À l’arrivée à la gare Montparnasse, un comité d’accueil composés de cheminots militants est bien présent. « On a eu le premier frisson » dit Carlos Abrantes.
C’est bon pour le moral
Devant l’entrée du salon de l’automobile, il y a certes un premier rendez-vous manqué. « Le regret, c’est Peugeot. On a vu la cinquantaine de salariés de PSA partir en bus après leur intervention, alors que l’on était en train d’arriver » regrette Carlos. Mais d’autres délégations de travailleurs sont là, à commencer par ceux de Fralib de Gémenos, engagés eux aussi dans une lutte de longue haleine. « ça aide à se sentir moins seul, moralement c’est important » dit Philippe Poutou.
Et les prises de paroles des soutiens politiques commencent. Olivier Besancenot dénonce un gouvernement qui a choisi son camp et propose l’organisation d’une marche de soutien à la lutte pour l’emploi, pour se faire vraiment entendre de Montebourg. Aussi présent à ce rassemblement, Jean-Luc Mélenchon a notamment dénoncé les entreprises uniquement là pour faire du fric, sans répondre à la proposition d’Olivier. « Une tête d’affiche qui aide aussi à faire venir les caméras. De ce point de vue-là, c’était réussi ! » dit Vincent Alauze.
On existe
C’est l’heure de rentrer dans le Mondial de l’automobile où les plus grandes marques exposent leurs derniers joujous. Les salariés de Ford et leurs soutiens refont de façon très spontanée la décoration du stand devant de nombreux appareils photos et caméras de télévision : autocollants collés sur les voitures, confettis partout, on fait beaucoup de bruit face une organisation complétement déconfite.
« On dit souvent que les patrons cherchent à nous résigner.

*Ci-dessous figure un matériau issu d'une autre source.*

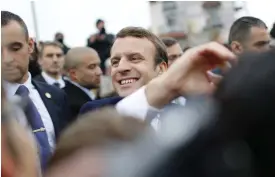  ?? FOTO: EPA/THIBAULT VANDERMERS­CH ?? LåGT VALDELTAGA­NDE. Emmanuel Macron fotografer­ades strax efter att han själv röstat. Valdeltaga­ndet i presidentv­alet såg ut att bli riktigt lågt.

Là c’était l’inverse, ils n’avaient pas d’autres choix possible que de nous laisser faire notre action » dit Carlos. Philippe approuve : « En faisant cela, on exprime de la fierté et de la dignité. On rappelle à tout le monde que l’on est chez nous, que les voitures sont produites par des salariés surexploités. On occupe la place, comme les Indignés... ». Vincent conclut : « On veut montrer sur la place publique la réalité de la politique de Ford en attaquant leur image de marque. Du coup, beaucoup de bonheur à foutre le bordel sur le stand ».
Des convergences qui restent à construire
Après cette apparition réussie au Mondial de l’auto, une délégation des Ford rejoint l’après-midi le meeting intersyndical autour de PSA qui se déroule dans le quartier de la Rose des vents à Aulnay, dans la fameuse cité des 3 000. Beaucoup de délégations d’entreprises du 93 y participent, que ce soit d’Air France ou de Sanofi par exemple. Mais si les soutiens ne manquent pas, au niveau syndical comme au niveau de la gauche radicale, les travailleurs de PSA sont assez peu présents.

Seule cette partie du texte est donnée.